Horse racing in Britain is set to resume following an outbreak of equine flu.
Racing will recommence on Wednesday after all events were suspended when six horses returned positive tests last week.
The British Horseracing Authority announced on Monday that, despite four more positive tests being found on Sunday, that it was safe to resume.
ITV News Sports Editor Steve Scott estimated the six-day lock down would have caused losses of approximately £3 million to the industry.
BHA chief executive Nick Rust, speaking at a press conference on Tuesday, said: "The decision last week was taken with a set of circumstances that suggested to us that we should lock down racing for several days so we could have a clear picture of the circumstances around the outbreak.
"There is an unprecedented level of equine flu at the moment, that was one of the considerations.
"We were concerned about the threat of this and the impact and disruption it would have on racing in the longer term if we didn't understand it fully.

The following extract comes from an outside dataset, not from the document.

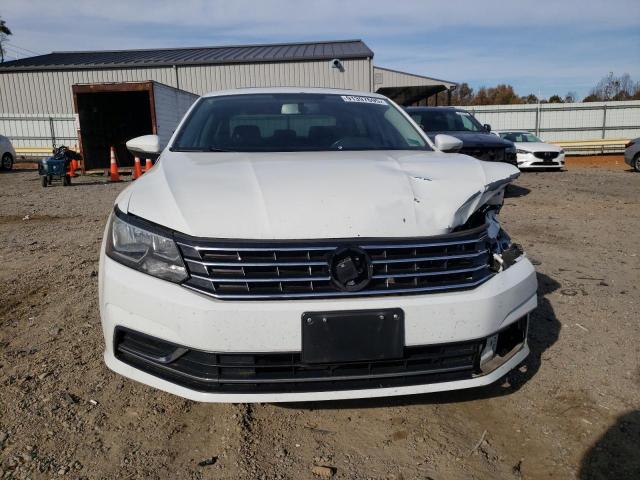 1VWBA7A35JC015646 - 2018 VOLKSWAGEN PASSAT SE WHITE photo 5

"We have done several thousand tests since then, swabs from 140-odd stables from across the country.
"We are pleased it is contained to two yards and that, under certain controls, we can return to racing.
"We didn't want to take any risks with future race meetings and with all known advice, we took the decision we did in the best interests of returning to racing."
Racing will now take place at Kempton, Musselburgh, Plumpton and Southwell as planned on Wednesday, but special measures will be in place.